Great Hall of the People, Beijing (by N509FZ via Wikimedia Commons)

The government of the People’s Republic of China (PRC) has passed a new law criminalizing speech that slanders or defames the military and members of the armed forces.

On Thursday (June 10) the Standing Committee of the National People’s Congress (NPC) passed the “Law of the People’s Republic of China on Safeguarding the Status and Rights of Military Personnel” (中华人民共和国军人地位和权益保障法).

The Law reaffirms Beijing’s long-standing policy of viewing the armed forces as a tool for the preservation of the absolute power and leadership of the Chinese Communist Party (CCP).

The Law states:

Soldiers are essential members of the national armed forces under the leadership of the Chinese Communist Party, they must be loyal to the motherland, loyal to the Chinese Communist Party, listen to the Party’s commands, resolutely obey orders, conscientiously fulfill the important duty and mission of strengthening the leadership of the Chinese Communist Party and the socialist system (军人是中国共产党领导的国家武装力量基本成员,必须忠于祖国,忠于中国共产党,听党指挥,坚决服从命令,认真履行巩固中国共产党的领导和社会主义制度的重要职责使命) …

Soldiers are the people’s sons and daughters, they shall ardently love the people, whole-heartedly serve the people, protect the people’s lives, property and safety (军人是人民子弟兵,应当热爱人民,全心全意为人民服务,保卫人民生命财产安全).
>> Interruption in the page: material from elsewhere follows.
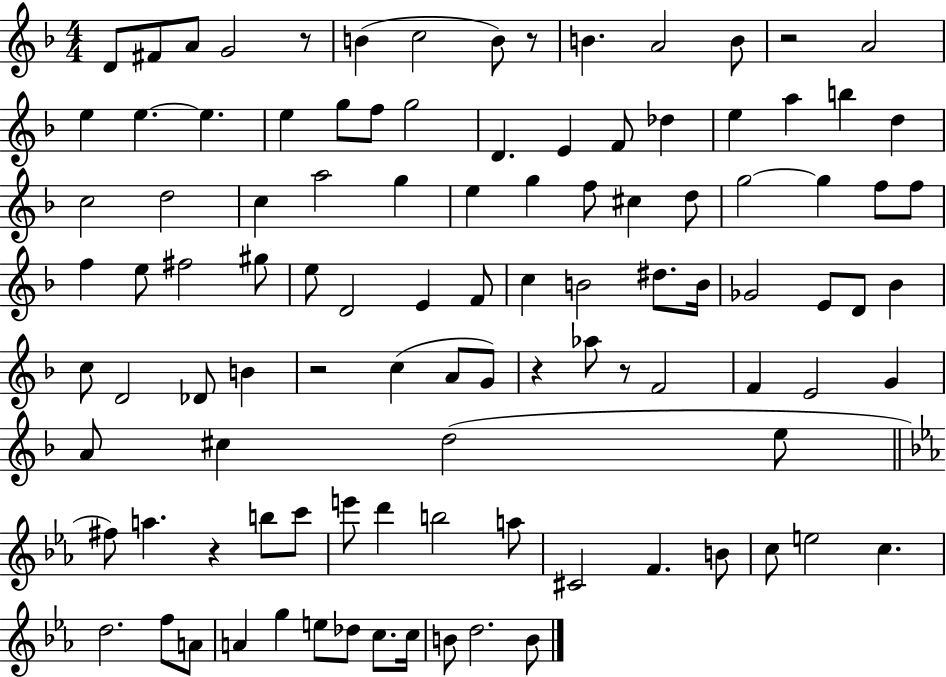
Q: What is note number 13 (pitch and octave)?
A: E5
Read also: Militarism in China’s Political System – The Emergence of Warlords in Late Imperial China and Its Influence on the Chinese Communist Party and the Guomindang

The Law further states that the government must protect the honour of the military and make sure that the population worships the military according to CCP’s precepts:

The country protects the honour of the soldiers, encourages the revering and cherishing of the soldiers and their honour … (国家维护军人荣誉,激励军人崇尚和珍惜荣誉).

The Law stipulates that the “whole society” (全社会) must “study the honourable and glorious history of the Chinese People’s Liberation Army” (学习中国人民解放军光荣历史), and that every school must set up national defence education (国防教育) classes in which the army’s history and the “exemplary deeds of heroes” (英雄模范事迹) are taught.

The Law criminalizes any speech that mocks, slanders or defames the military, i.e. any speech that the CCP regards as a threat to its leadership and to the soldiers who safeguard its leadership by force or the threat thereof:

No organization or individual shall in any way slander or disparage the honour of soldiers, insult or slander their reputation, or purposely damage or sully the military’s glorious symbols (任何组织和个人不得以任何方式诋毁、贬损军人的荣誉,侮辱、诽谤军人的名誉,不得故意毁损、玷污军人的荣誉标识).

On May 31, Qiu Ziming, a Chinese political commentator and blogger, was sentenced to eight months in prison for “defaming heroes and martyrs” after he had questioned the government’s official account of border clashes in the Himalayan region.

The new law thus appears to tighten the regime’s grip on the country’s already heavily censored media, signalling that the CCP will not tolerate any criticism of the armed forces and their use by the CCP to further its agenda.